Forney’s experience gives Anderson a unique perspective, though, and he and Pettine see nothing inevitable about a flood of new manufactured products changing the U.S. economy overnight. The challenge? Workforce. For U.S. industry to bounce-back and power innovation and development in a bigger way, a new generation of industrial employees must begin to materialize to power America’s new ‘maker economy’.

‘We’re almost starting over,” Anderson, says, drawing on the firm’s manufacturing roots but also its front row seat to a sector that changed radically in the last half of the 20th century. “For the past decades we’ve asked others to do the work for us. That means we have to start educating kids now – we’re behind.”

Pettine adds, “From my perspective we’re getting to a critical point – we’ve got a gap in our workforce as the baby-boom generation is retiring. There isn’t a next-generation manufacturing workforce.”

He puts a sharp point on what’s at stake. “Would we buy American if we had the option? Of course,” Pettine says. “So would our customers.”

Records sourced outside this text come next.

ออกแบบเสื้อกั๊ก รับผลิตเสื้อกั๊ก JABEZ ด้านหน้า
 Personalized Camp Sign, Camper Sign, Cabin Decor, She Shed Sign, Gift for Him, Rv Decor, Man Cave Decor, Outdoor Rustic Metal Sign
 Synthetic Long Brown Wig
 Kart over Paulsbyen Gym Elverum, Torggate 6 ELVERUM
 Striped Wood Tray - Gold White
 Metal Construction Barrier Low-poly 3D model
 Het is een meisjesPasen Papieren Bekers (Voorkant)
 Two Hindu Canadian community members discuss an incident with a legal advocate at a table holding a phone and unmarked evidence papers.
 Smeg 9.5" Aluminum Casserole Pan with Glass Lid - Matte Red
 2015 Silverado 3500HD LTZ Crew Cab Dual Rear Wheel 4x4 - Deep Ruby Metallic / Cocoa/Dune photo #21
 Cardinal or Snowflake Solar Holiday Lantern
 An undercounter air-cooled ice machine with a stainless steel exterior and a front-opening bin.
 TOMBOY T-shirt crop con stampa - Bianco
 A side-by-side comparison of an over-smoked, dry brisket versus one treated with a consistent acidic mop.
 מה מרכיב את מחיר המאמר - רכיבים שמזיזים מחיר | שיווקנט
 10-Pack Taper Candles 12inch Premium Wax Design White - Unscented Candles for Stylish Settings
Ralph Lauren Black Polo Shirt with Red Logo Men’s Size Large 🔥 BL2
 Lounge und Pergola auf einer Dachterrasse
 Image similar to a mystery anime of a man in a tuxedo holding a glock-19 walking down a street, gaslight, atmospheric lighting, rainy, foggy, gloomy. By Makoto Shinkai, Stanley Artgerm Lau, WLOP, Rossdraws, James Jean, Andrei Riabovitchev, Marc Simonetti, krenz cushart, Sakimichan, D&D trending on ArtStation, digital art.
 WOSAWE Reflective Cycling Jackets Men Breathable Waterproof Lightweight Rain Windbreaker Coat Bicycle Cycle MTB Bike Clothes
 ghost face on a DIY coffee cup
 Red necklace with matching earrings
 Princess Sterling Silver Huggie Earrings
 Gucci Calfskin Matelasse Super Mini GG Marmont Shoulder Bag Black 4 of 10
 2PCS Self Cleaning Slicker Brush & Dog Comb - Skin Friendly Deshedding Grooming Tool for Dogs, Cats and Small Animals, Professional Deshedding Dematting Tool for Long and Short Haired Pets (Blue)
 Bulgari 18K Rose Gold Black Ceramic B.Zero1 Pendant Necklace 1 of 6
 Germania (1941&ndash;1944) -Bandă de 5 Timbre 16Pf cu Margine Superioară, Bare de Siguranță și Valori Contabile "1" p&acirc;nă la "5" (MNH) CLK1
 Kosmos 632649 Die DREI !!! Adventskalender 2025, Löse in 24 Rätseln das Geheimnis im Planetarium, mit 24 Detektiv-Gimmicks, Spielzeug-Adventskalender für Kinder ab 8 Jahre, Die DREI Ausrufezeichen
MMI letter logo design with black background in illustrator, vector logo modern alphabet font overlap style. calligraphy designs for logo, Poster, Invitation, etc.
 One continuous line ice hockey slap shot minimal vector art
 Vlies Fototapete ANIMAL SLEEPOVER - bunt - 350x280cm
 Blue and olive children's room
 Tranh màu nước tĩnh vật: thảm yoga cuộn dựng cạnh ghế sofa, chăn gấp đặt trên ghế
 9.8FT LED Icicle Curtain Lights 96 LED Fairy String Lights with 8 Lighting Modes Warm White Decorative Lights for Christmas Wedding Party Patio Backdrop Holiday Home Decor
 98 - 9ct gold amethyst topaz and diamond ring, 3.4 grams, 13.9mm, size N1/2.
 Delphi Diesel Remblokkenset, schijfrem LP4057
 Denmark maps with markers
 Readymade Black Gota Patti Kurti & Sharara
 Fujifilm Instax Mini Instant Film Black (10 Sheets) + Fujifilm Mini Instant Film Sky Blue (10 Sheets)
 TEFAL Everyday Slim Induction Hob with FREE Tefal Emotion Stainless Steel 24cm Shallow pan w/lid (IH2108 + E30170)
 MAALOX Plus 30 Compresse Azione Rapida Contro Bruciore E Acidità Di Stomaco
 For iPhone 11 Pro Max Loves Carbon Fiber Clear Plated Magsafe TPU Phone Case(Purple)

So a generation or so removed from manufacturing but committed again to filling more orders with American-made products, leadership at Forney is working to fill the labor pipeline that would juice a new manufacturing surge. A new manufacturing coalition has formed in northern Colorado. Anderson’s on an education committee. He’s honest about the scale of the challenge, of labor enabling the next iteration of his family business.

“The baby-boomers want their kids to be doctors and lawyers – but unfortunately doctors and lawyers represent a small percentage of our workforce. Few parents today see their kids working on a CNC machine (basically, computer-guided machine tools), and that’s wrong. But we’ve done it to ourselves. We’ve taken shops of out the high schools; kids don’t have to work with their hands.

“Our goal on the manufacturing side of things today is to get kids back to having some interest in what a manufacturing career would be,” Anderson says, “and what’s happening here is that manufacturers are creating that curriculum that should be taught in the schools but don’t have any way to share it. We’re trying to get that knowledge off the shop floor and to educators at the community college level.”

What Anderson and others would acknowledge though is that community colleges aren’t enough. For one, some community colleges are overwhelmed today with vocational demand. It’s not uncommon for colleges to have wait lists for classes like welding.

But even if the community college talent pool improves – and grant money pouring into the system and legislative focus can’t help but improve the system’s poor showing in manufacturing – Anderson believes universities will have to play a bigger role.

“At Forney we support the supply-chain management program at Colorado State University, but there aren’t a lot if any courses in how to control process or manufacture goods today. Or what it’s like for a business to be ‘lean’ (a manufacturing production practice). We’re pulling a lot of kids from the supply-chain track at CSU – but have they had any exposure at all to what it takes to manufacture? Probably very little. We need more kids exposed to the possibilities of a manufacturing career.”

In the end, industry – manufacturers – will have to lead the way. As Anderson and Pettine point out, industry knows best which jobs-of-the-future will materialize. In many cases they are leading. Wolf Robotics, a Forney neighbor in Ft. Collins, runs a 30-intern program with CSU that continually develops the talent Wolf needs. Others operate similarly.

Even so, according to Anderson, universities can play a more active role. “CSU should really be reaching out…to manufacturers, to say, ‘tell us about your story; tell us about what you need.’ That would help tremendously.’

Will a U.S. manufacturing resurgence write a new chapter for the company? For Kyle Pettine, it would be mean less flights to China and more to San Diego, or Michigan, a prospect that seems to appeal to him primary because it would be mean more dollars staying in the U.S.

Whatever the case, Forney Industries seems capable of adapting to whatever the future holds.